Java generics, type erasure and type of a generic member

Question

Java has type erasure and people say that one can't determine the type of a generic object at runtime without hacks. Consider the code below

    public class TestClass<T> {

    private T genericField;

    public TestClass(T genericField) {
        this.genericField = genericField;
    }

    public void printTypeInfo() {
        System.out.println("Hi I'm a " + genericField.getClass());
        System.out.println("Am I a string? " + (genericField instanceof String));
        System.out.println("Am I a long? " + (genericField instanceof Long));
    }

    public static void main(String [] args) {
        TestClass<String> genericString = new TestClass<>("Hello");
        TestClass<Long> genericLong = new TestClass<>(111111L);
        genericString.printTypeInfo();
        System.out.println("------------------");
        genericLong.printTypeInfo();
    }
}

It gives me the following result:

Hi I'm a class java.lang.String
Am I a string? true
Am I a long? false
------------------
Hi I'm a class java.lang.Long
Am I a string? false
Am I a long? true

Seems like type information is readily available at runtime. What am I missing here?

Answer 1

You can determine the type of any given object in genericField at runtime, but you cannot determine the difference between a TestClass<X> and a TestClass<Y> at runtime without examining some members that you know happen to be constrained by the generic type. That is you cannot determine the type parameter of a TestClass<...> given an instance of a TestClass alone.
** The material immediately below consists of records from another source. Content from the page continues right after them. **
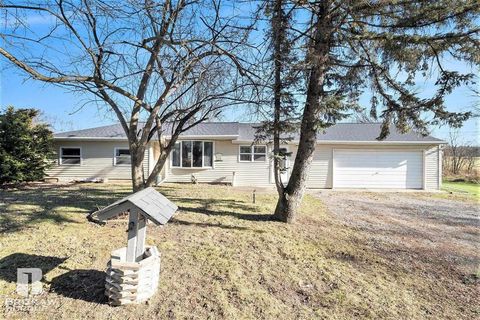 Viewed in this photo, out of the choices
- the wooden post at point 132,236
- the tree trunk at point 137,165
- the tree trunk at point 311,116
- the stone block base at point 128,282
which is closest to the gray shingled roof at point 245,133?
the tree trunk at point 311,116

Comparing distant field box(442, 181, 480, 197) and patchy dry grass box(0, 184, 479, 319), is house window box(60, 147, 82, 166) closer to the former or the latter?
patchy dry grass box(0, 184, 479, 319)

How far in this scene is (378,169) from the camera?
14.2 metres

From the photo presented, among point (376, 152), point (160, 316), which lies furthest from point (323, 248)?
point (376, 152)

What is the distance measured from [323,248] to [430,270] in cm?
164

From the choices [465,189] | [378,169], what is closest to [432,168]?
[378,169]

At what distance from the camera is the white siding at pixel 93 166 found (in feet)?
47.9

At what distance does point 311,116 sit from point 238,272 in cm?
382

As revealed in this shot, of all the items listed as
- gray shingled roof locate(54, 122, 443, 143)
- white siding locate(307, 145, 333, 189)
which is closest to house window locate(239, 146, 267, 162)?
gray shingled roof locate(54, 122, 443, 143)

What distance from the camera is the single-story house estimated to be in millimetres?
14047

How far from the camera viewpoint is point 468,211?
9102mm

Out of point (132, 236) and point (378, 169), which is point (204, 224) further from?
point (378, 169)

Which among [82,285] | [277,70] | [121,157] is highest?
[277,70]

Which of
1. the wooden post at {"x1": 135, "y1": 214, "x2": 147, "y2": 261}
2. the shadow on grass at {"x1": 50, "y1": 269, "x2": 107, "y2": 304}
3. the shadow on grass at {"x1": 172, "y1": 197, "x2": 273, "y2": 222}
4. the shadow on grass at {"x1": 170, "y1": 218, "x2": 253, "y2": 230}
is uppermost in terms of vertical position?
the wooden post at {"x1": 135, "y1": 214, "x2": 147, "y2": 261}

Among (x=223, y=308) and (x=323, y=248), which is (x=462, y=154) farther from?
(x=223, y=308) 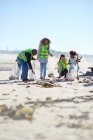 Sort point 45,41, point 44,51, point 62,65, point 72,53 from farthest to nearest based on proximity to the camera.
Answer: point 62,65 → point 72,53 → point 44,51 → point 45,41

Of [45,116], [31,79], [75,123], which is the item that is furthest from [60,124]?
[31,79]

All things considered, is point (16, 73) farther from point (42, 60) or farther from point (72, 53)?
point (72, 53)

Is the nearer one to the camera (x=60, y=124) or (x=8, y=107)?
(x=60, y=124)

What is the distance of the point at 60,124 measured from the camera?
5.39m

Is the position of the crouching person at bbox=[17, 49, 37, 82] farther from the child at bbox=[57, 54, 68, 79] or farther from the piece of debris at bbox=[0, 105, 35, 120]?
the piece of debris at bbox=[0, 105, 35, 120]

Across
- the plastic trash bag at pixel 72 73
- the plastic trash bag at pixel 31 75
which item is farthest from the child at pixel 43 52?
the plastic trash bag at pixel 72 73

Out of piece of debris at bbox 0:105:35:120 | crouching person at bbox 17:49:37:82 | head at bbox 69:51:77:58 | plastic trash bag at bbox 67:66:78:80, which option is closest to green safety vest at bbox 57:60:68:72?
plastic trash bag at bbox 67:66:78:80

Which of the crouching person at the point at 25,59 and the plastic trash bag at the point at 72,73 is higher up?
the crouching person at the point at 25,59

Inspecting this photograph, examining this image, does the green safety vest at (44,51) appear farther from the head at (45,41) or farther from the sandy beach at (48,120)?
the sandy beach at (48,120)

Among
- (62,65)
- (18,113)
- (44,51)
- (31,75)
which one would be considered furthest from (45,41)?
(18,113)

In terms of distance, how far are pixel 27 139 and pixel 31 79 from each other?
31.6ft

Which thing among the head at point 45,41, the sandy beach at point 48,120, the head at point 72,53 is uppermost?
the head at point 45,41

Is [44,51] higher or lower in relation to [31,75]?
higher

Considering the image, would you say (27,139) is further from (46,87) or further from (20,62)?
(20,62) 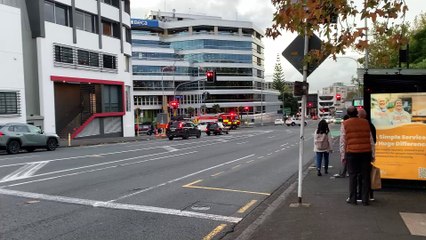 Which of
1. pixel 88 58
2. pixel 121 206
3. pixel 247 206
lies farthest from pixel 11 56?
pixel 247 206

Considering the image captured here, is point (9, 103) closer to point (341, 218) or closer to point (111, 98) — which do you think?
point (111, 98)

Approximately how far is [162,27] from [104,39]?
6673 centimetres

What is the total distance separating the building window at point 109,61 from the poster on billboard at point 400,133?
36631 millimetres

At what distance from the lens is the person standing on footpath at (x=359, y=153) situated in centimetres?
791

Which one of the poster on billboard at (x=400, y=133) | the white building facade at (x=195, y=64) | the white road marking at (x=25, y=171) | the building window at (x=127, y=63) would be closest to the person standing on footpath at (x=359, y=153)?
the poster on billboard at (x=400, y=133)

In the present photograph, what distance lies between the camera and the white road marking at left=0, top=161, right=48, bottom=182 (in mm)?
12722

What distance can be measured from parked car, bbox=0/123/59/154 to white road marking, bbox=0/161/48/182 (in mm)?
7596

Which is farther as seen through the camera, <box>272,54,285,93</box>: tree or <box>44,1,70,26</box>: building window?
<box>272,54,285,93</box>: tree

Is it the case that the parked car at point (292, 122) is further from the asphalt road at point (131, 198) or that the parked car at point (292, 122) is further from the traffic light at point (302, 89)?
the traffic light at point (302, 89)

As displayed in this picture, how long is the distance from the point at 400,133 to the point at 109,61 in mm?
37698

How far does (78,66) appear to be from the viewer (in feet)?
128

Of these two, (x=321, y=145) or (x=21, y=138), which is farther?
(x=21, y=138)

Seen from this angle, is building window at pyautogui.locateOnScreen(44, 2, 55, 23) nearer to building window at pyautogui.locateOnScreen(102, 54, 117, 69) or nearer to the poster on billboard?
building window at pyautogui.locateOnScreen(102, 54, 117, 69)

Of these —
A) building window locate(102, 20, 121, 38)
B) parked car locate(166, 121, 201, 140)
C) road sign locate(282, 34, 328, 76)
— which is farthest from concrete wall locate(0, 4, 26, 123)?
road sign locate(282, 34, 328, 76)
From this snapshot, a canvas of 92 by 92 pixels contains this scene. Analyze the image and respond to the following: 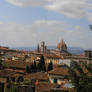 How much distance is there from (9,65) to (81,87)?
2845cm

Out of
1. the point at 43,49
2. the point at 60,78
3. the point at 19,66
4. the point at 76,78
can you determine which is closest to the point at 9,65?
the point at 19,66

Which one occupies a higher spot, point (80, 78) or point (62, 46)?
point (62, 46)

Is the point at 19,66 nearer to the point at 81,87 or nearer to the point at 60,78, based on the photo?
the point at 60,78

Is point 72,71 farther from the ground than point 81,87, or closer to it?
farther from the ground

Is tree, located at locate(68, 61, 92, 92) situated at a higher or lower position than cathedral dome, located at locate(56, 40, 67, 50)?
lower

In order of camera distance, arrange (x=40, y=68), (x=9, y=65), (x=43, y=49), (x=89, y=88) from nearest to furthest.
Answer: (x=89, y=88)
(x=9, y=65)
(x=40, y=68)
(x=43, y=49)

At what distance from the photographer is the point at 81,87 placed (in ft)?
22.4

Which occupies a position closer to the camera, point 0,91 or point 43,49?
point 0,91

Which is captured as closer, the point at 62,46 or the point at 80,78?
the point at 80,78

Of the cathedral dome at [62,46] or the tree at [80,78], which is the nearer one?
the tree at [80,78]

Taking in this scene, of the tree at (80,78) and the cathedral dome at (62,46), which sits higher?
the cathedral dome at (62,46)

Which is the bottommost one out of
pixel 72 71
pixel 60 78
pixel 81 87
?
pixel 60 78

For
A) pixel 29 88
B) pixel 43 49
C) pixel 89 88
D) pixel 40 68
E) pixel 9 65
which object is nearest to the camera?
pixel 89 88

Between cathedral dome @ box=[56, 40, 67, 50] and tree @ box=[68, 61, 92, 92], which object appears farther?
cathedral dome @ box=[56, 40, 67, 50] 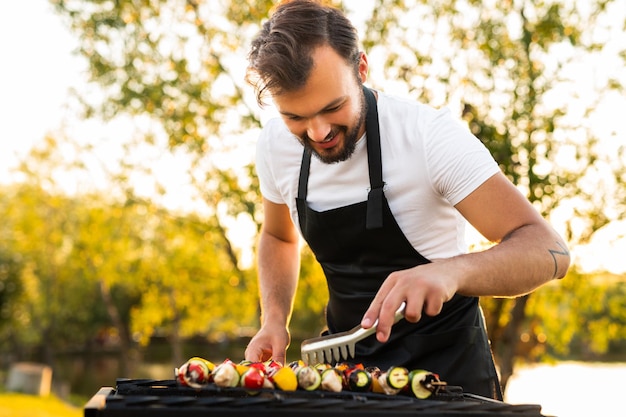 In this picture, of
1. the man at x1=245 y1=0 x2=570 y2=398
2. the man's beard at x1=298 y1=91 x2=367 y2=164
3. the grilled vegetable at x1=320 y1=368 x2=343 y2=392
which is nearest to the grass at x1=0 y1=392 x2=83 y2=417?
the man at x1=245 y1=0 x2=570 y2=398

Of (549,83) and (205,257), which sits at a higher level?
(205,257)

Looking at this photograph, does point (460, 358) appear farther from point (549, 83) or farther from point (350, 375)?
point (549, 83)

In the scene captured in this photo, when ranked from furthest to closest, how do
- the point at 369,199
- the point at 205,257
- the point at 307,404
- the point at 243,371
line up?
the point at 205,257 < the point at 369,199 < the point at 243,371 < the point at 307,404

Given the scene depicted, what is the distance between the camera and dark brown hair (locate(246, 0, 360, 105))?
222cm

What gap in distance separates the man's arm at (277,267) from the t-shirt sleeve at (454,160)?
2.56ft

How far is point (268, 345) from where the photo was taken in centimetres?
258

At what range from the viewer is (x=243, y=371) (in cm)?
178

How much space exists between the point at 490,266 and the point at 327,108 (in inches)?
26.2

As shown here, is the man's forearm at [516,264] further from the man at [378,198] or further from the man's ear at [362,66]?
the man's ear at [362,66]

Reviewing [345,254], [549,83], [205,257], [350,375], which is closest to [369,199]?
[345,254]

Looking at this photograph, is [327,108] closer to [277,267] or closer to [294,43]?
[294,43]

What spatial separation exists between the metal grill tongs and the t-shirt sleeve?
0.57 metres

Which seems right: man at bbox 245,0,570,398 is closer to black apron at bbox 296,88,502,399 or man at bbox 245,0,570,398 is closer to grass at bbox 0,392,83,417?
black apron at bbox 296,88,502,399

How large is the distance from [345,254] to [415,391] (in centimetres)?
88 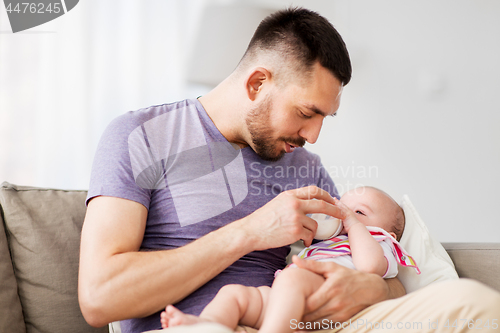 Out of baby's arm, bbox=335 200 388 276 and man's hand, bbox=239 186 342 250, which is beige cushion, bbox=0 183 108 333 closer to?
man's hand, bbox=239 186 342 250

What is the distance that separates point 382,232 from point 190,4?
4.97 ft

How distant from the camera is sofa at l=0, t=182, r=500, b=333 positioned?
4.03ft

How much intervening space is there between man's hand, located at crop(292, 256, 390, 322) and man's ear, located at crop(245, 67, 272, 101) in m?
0.61

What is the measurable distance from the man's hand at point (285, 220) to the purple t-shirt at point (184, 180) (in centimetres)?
16

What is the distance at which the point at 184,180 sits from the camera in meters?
1.20

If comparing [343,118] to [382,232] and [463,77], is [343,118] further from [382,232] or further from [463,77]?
[382,232]

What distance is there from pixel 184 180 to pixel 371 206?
66 centimetres

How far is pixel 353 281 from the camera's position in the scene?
990mm

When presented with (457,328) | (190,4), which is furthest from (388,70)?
(457,328)

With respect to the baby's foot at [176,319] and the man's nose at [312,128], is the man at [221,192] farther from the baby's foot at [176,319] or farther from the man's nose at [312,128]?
the baby's foot at [176,319]

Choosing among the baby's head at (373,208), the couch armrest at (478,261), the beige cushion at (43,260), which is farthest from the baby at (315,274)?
the beige cushion at (43,260)

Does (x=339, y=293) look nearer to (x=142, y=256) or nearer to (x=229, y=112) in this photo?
(x=142, y=256)

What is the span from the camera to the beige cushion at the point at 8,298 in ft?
3.79

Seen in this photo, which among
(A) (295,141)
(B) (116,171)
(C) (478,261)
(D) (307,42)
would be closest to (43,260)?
(B) (116,171) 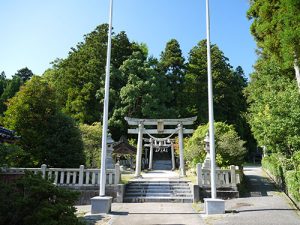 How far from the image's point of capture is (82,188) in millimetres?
12383

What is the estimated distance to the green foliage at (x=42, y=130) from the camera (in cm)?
1590

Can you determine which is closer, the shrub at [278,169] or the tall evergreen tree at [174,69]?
the shrub at [278,169]

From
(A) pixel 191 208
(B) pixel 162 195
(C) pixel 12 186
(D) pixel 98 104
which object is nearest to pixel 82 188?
(B) pixel 162 195

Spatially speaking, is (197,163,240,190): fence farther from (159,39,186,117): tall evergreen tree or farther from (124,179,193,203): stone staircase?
(159,39,186,117): tall evergreen tree

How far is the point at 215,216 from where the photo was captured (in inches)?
347

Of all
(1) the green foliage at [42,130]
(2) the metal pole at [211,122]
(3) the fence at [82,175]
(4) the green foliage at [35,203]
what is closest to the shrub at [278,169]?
(2) the metal pole at [211,122]

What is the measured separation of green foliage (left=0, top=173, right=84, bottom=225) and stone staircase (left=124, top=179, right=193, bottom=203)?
6650mm

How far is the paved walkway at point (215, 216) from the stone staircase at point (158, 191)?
38.2 inches

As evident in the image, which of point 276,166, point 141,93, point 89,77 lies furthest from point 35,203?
point 89,77

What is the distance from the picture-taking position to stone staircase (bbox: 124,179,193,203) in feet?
41.2

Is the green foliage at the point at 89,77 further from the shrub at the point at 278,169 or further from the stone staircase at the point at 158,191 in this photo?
the shrub at the point at 278,169

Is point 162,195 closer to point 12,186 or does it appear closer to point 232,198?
point 232,198

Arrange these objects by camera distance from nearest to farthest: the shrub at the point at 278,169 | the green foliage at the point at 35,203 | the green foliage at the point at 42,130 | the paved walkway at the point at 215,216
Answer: the green foliage at the point at 35,203 → the paved walkway at the point at 215,216 → the shrub at the point at 278,169 → the green foliage at the point at 42,130

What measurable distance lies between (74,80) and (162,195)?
24.6 metres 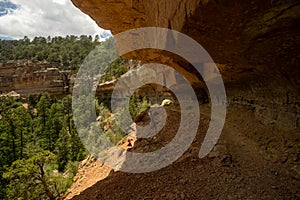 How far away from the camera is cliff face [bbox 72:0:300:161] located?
106 inches

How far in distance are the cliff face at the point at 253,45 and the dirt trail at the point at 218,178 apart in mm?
407

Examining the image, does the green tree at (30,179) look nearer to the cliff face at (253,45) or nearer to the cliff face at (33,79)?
the cliff face at (253,45)

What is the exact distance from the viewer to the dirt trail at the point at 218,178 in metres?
3.89

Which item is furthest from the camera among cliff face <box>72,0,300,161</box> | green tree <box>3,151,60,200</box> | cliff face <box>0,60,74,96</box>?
cliff face <box>0,60,74,96</box>

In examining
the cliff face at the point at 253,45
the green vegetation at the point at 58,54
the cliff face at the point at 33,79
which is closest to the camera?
the cliff face at the point at 253,45

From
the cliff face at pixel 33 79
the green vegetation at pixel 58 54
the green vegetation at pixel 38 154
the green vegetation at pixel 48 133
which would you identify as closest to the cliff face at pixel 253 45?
the green vegetation at pixel 38 154

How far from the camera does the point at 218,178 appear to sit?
4457mm

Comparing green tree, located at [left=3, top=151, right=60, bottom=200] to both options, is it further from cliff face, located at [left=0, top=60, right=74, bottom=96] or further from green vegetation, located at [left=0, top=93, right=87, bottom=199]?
cliff face, located at [left=0, top=60, right=74, bottom=96]

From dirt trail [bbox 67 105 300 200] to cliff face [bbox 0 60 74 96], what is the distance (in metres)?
47.8

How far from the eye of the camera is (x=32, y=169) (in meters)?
7.34

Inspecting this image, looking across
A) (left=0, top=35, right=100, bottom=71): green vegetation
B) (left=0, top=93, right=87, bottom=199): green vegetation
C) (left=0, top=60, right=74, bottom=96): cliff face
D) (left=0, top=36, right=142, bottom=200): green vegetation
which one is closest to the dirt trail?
(left=0, top=93, right=87, bottom=199): green vegetation

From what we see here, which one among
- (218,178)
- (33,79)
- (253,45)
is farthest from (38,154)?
(33,79)

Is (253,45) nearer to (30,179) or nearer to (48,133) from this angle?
(30,179)

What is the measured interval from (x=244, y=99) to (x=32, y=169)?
23.3 ft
Your code displays the type of genericField's value, not the parameterized type of the TestClass instance. Try printing this.getClass() and you'll see its identical in both cases.

What you are "missing" is this: You are (understandably) making an incorrect connection between the fact that genericField itself holds an object (with a type) and the fact that TestClass has a generic type parameter. You are confusing the ability to determine the type of genericFields value with the ability to determine the type parameter specified to a TestClass. That is, while you can deduce what the type parameter was based on your knowledge that genericField is T, this is not the same as directly being able to determine what T was, which is impossible.

Another way to look at the previous paragraph is to consider these points:

• If TestClass had no members of type T then there's no other way you could extract T. Your code only "determines" what T was based on your own personal knowledge that genericField was declared as holding that same type (and therefore the object in it must be of that type, and therefore you can conclude that the generic parameter was likely that same type or some supertype of it).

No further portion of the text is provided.